Re: [HACKERS] Forcing current WAL file to be archived

2006-07-25 Thread Bruce Momjian
Simon Riggs wrote:
 On Tue, 2006-07-25 at 11:31 -0400, Tom Lane wrote:
  Bruce Momjian [EMAIL PROTECTED] writes:
   For example, if you do pg_stop_backup(), in what cases would you not
   also call pg_finish_wal_segment()?  I can't think of one.
  
  I can't see why you would need to, unless your intention is not to run
  PITR at all but only to make a filesystem backup instead of using
  pg_dump. 
 
 If thats all you want you can set 
   archive_command = 'echo %f %p  /dev/null'

Uh, what good is a file system backup without the WAL files modified
during the backup?

   Normally you'd be running a continuing archival process and
  there's no particular need to force the current WAL segment off to
  archive at that exact instant.
 
 That's exactly the point of contention. When we originally completed
 PITR we thought that was acceptable. It isn't and many people have stuck
 pins in effigies of me since then. :-/
 
  My point here is that forcing the current segment to archive is a
  function of whatever your continuous-archiving process is, and it's
  not necessarily tied to backups.  We should not prejudge when people
  want that fairly-expensive function to be invoked.
 
 The point is until that last WAL file is backed up, the whole backup is
 useless. It isn't good policy to have a backup's value be contingent on
 some future event.

Good analysis.

-- 
  Bruce Momjian   [EMAIL PROTECTED]
  EnterpriseDBhttp://www.enterprisedb.com

  + If your life is a hard drive, Christ can be your backup. +

---(end of broadcast)---
TIP 1: if posting/reading through Usenet, please send an appropriate
   subscribe-nomail command to [EMAIL PROTECTED] so that your
   message can get through to the mailing list cleanly


Re: [HACKERS] Forcing current WAL file to be archived

2006-07-25 Thread Csaba Nagy
 OK, offset added to TODO item.  What would the offset give us?

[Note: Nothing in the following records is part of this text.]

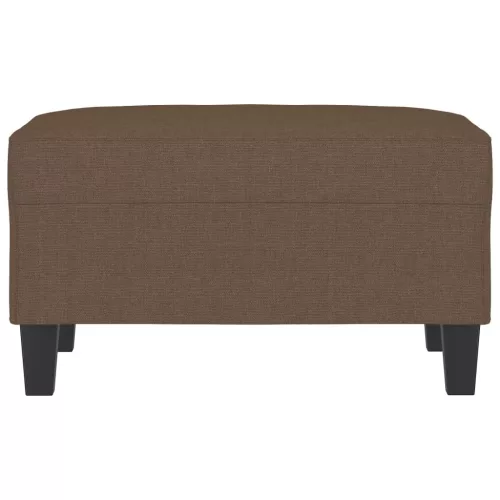  barna szövet lábzsámoly 70 x 55 x 41 cm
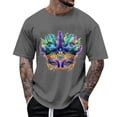 thumbnail image 1 of Tops para hombre, blusas y camisas de manga corta con cuello redondo para hombre, camisetas casuales con estampado de moda para hombre, blusa de manga corta, blusa de poliéster para hombre., 1 of 5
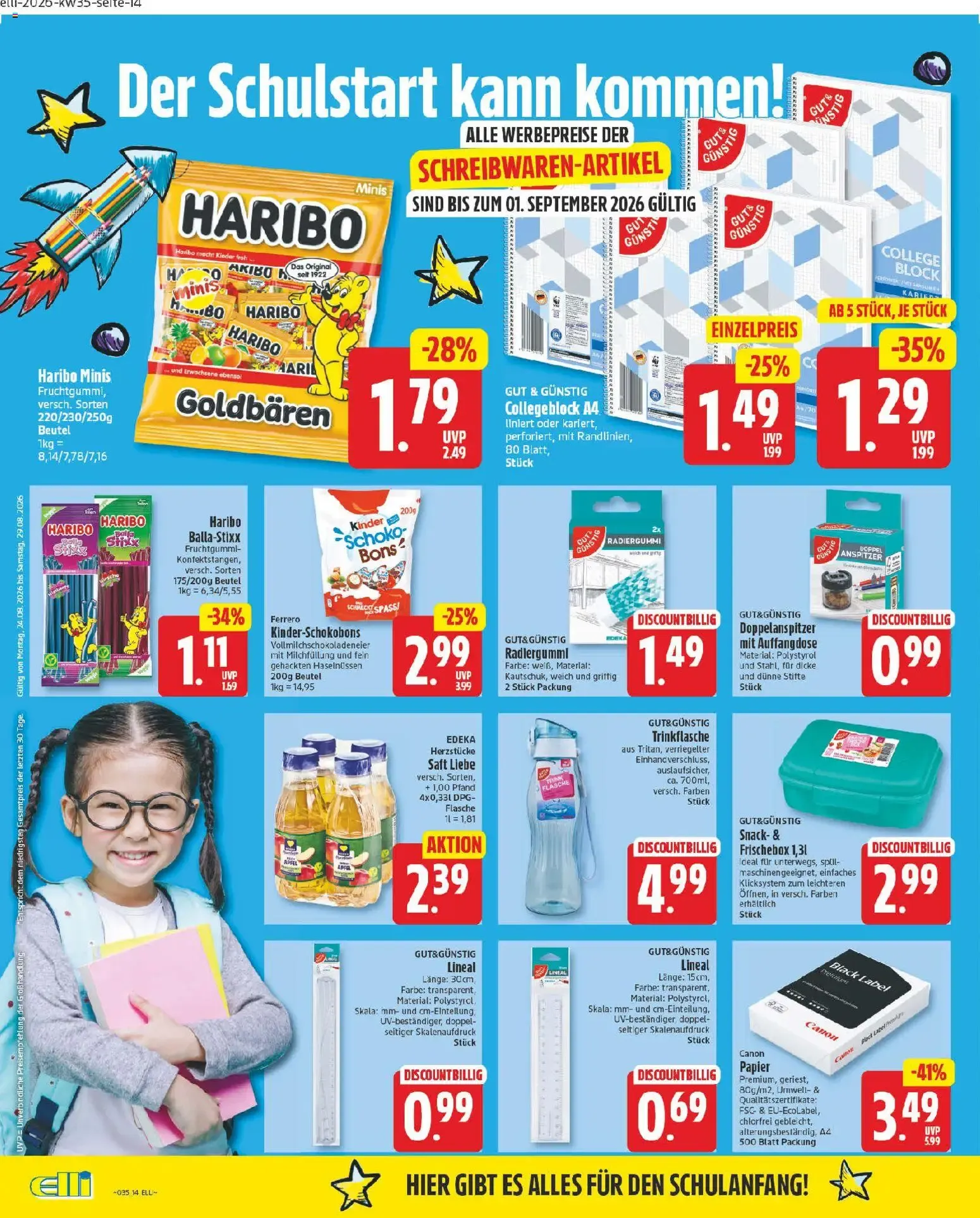 Elli Markt Prospekt vom 24.08.2026 – Angebote online von 24. August bis 29. August 2026 - Prospekt seite 14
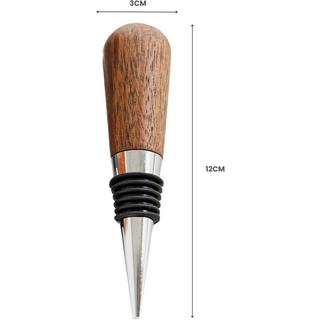 Uberstar Bouchon de bouteille de vin acacia naturel  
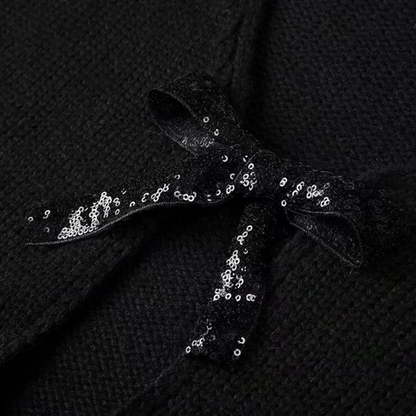 BETTY - Cardigan Classique avec Nœud pour Femmes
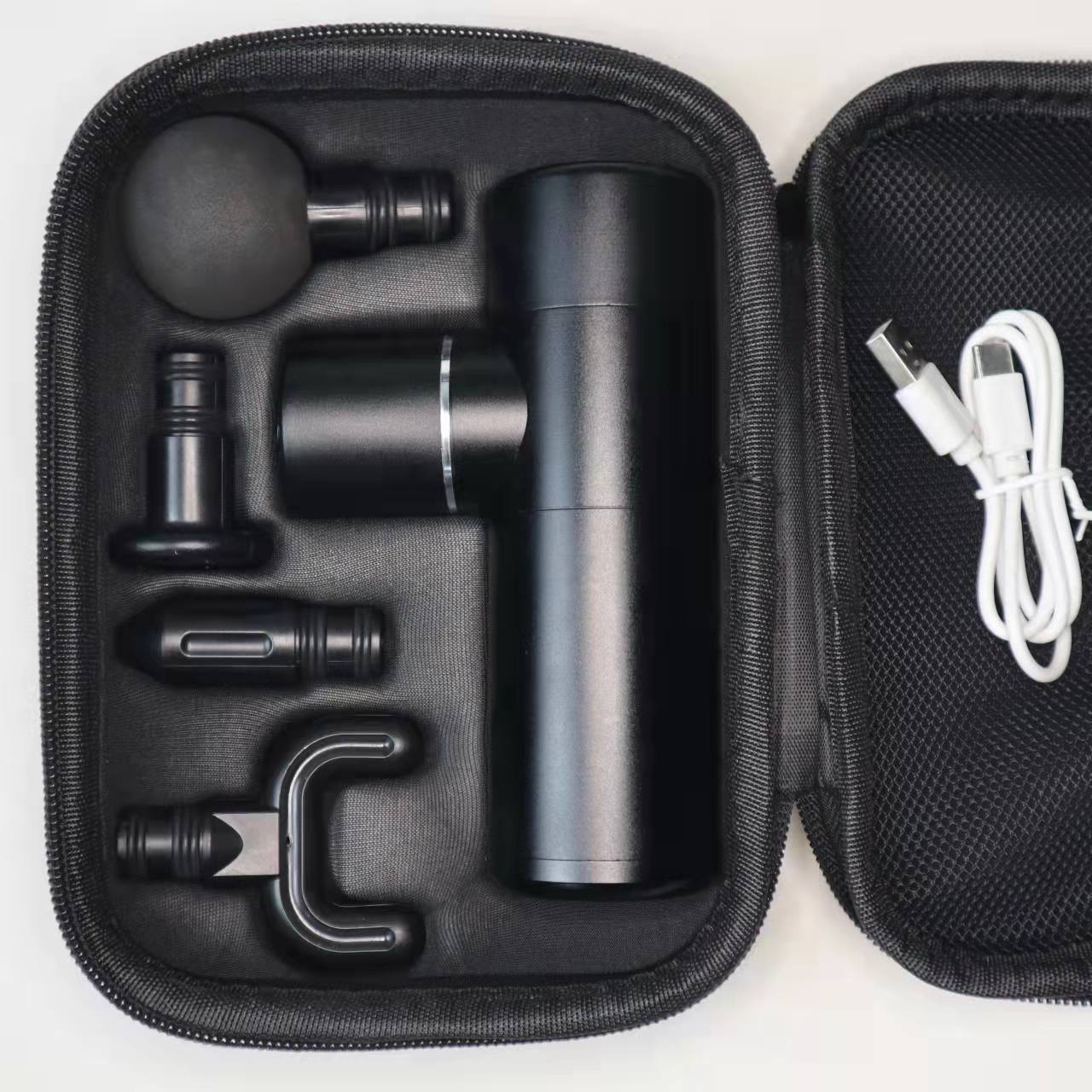 portable mute aluminum alloy massage gun fascia grab Shenzhen factory mini mini fascia gun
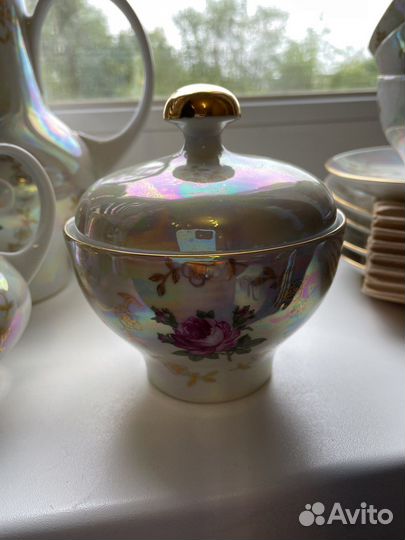 Сервиз чайный Роза гдр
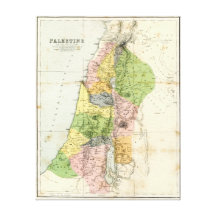 Antique Map - Biblical Palestine Canvas Prints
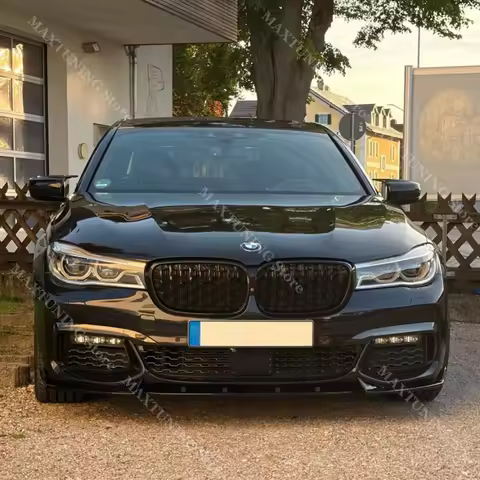 Front Bumper Lip Splitter Spoiler Diffuser Guard Trim For BMW 7 Series G11 G12 730Li 740Li 750Li Pre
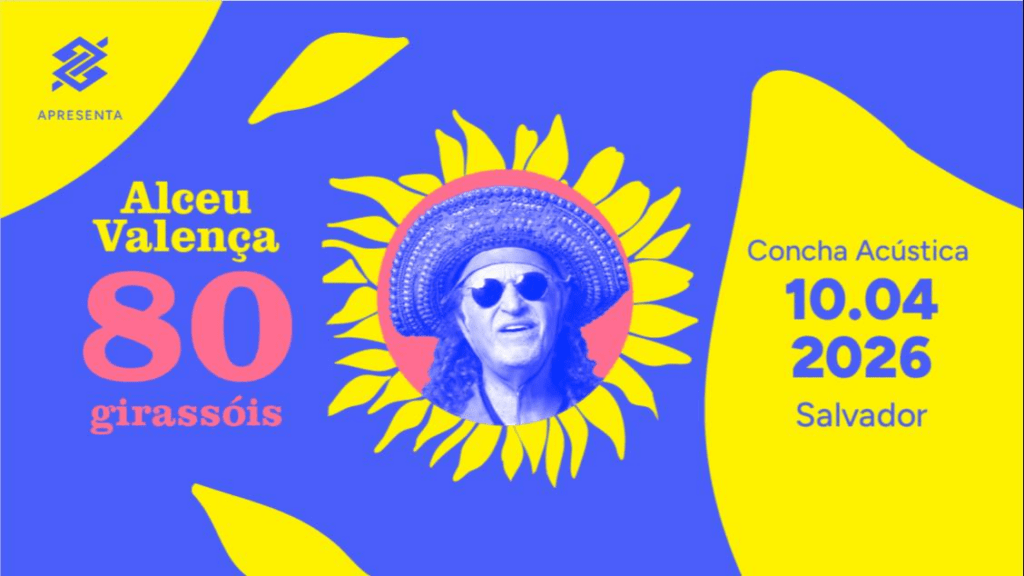 Alceu Valença apresenta turnê "80 Girassóis" em Salvador na Concha Acústica 2 Criado para celebrar os 80 anos de vida e carreira do artista, a turnê 80 Girassóis propõe um mergulho em sua trajetória musical.
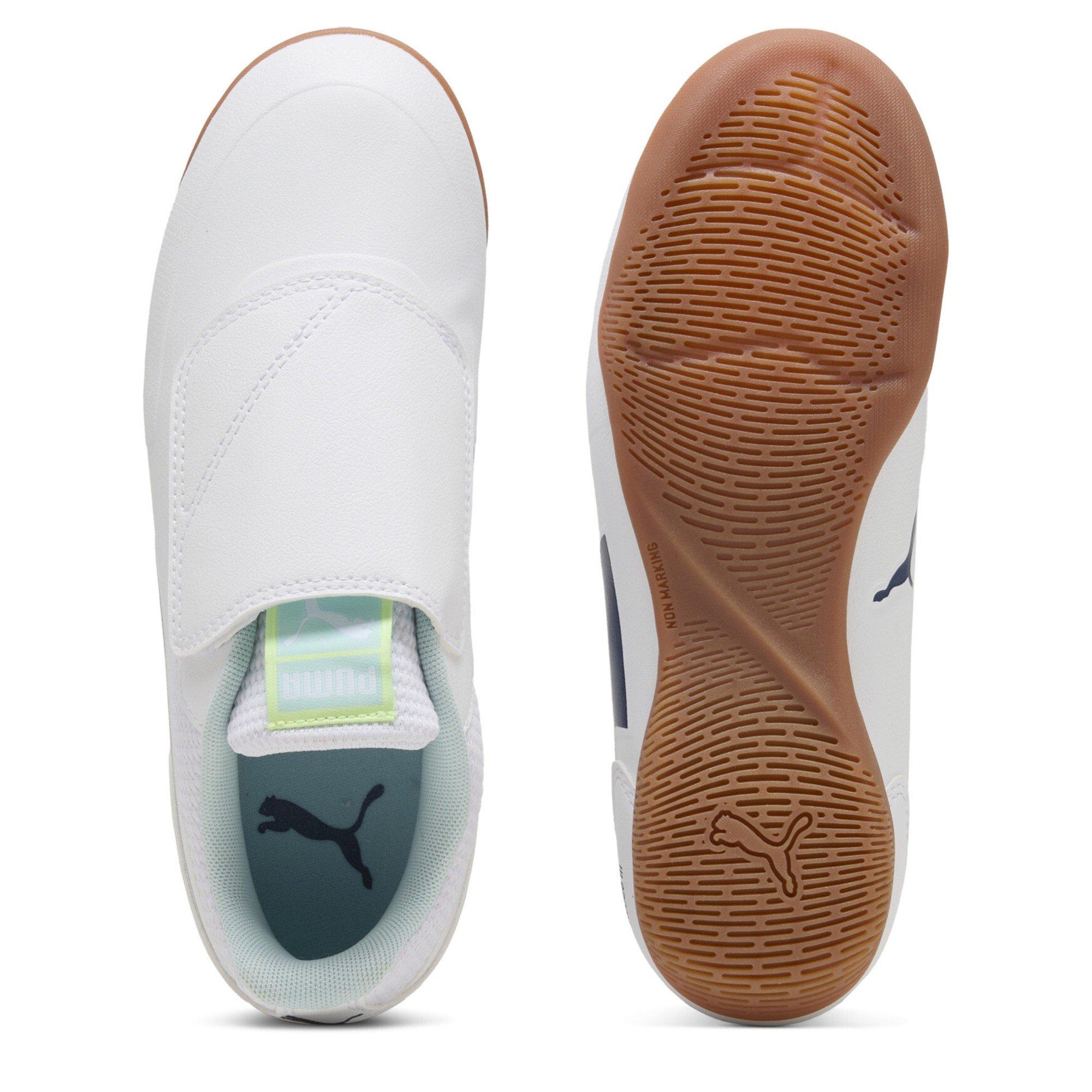 White-Aqua-Fi - Puma - Unisex Kids' Truco III V Indoor Football Boots - 3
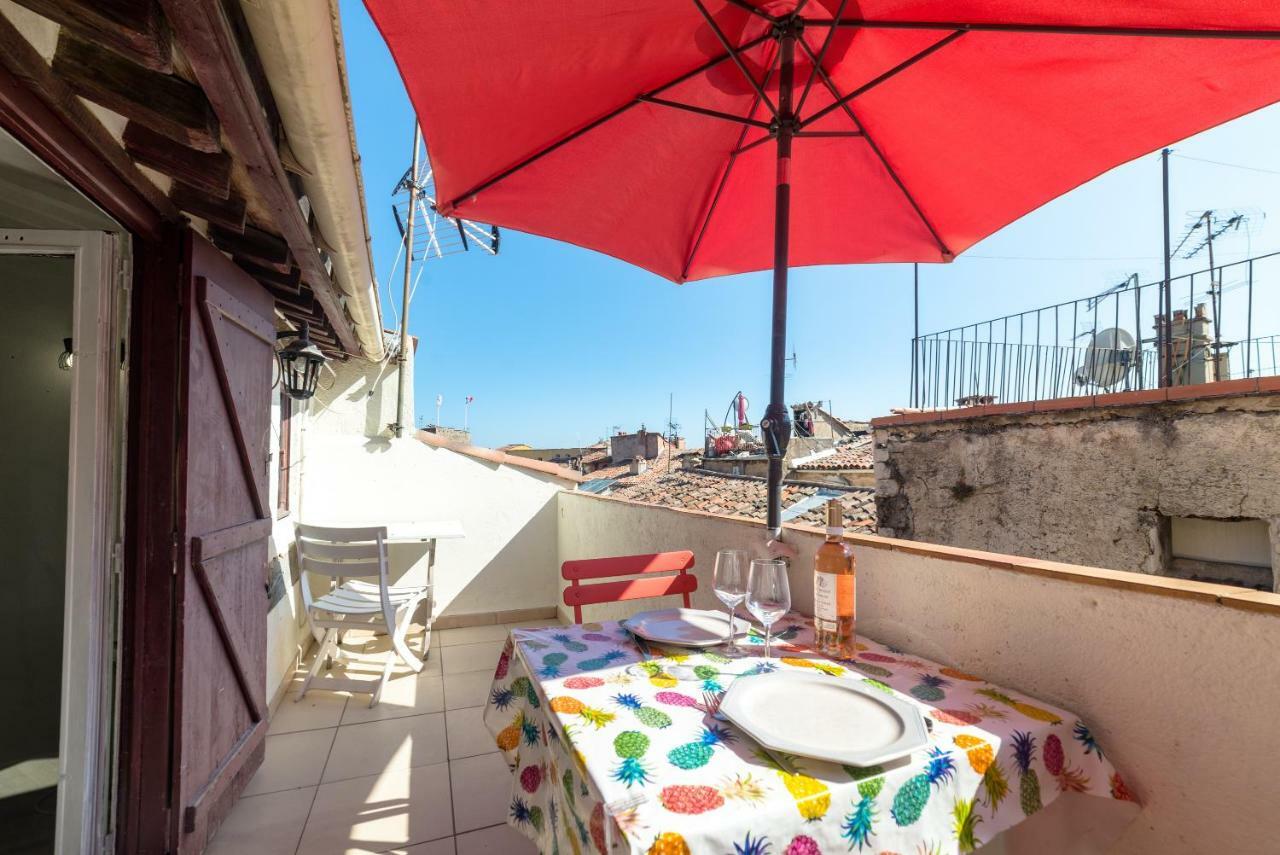 Apt Terrasse Centre Historique Grasse Exterior photo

The last offset could be remembered by the external program, and it only
has to transfer from the last offset to the new one. It allows
incremental streaming of the WAL files... of course the external program
will be a lot more complex than the current shell scripts which can be
used for WAL archiving...

The problems I see with this is if in this case the normal postgres WAL
archiving won't conflict with this streaming ? And if yes, wouldn't it
be better to have a separate mechanism for the stream based archiving ?
I mean what will happen if postgres successfully archives the WAL file
and then moves it out of way before the streaming process finishes with
it, the streaming process will have a problem... 

A few months ago I spent some time thinking about a solution where a WAL
based standby could be built using only normal data base connections to
the master server, and one of the ideas was to create a WAL subscription
mechanism where the standby subscribes for getting WAL files, and
updates it's subscription status with the last processed WAL file after
each processed file. The master can then recycle the WAL files only
after they were confirmed by all current subscriptions... and to avoid
excessive WAL file bloat if a slave goes offline, the subscription could
be canceled automatically if it gets too much behind.

If this mechanism is in place, it would be also nice if the slave could
ask for the WAL records to be streamed on a normal data base connection.
The function which would do it could be smart enough to stream the
current WAL file too up to the current offset and then wait for new
records. The slave would invoke the function for each WAL file it needs
to transfer, and then when finished it would update it's subscription
status and continue with the next one. The streaming function should not
update the subscription status as this way the slave can ask for the
file again if something goes wrong with the transfer.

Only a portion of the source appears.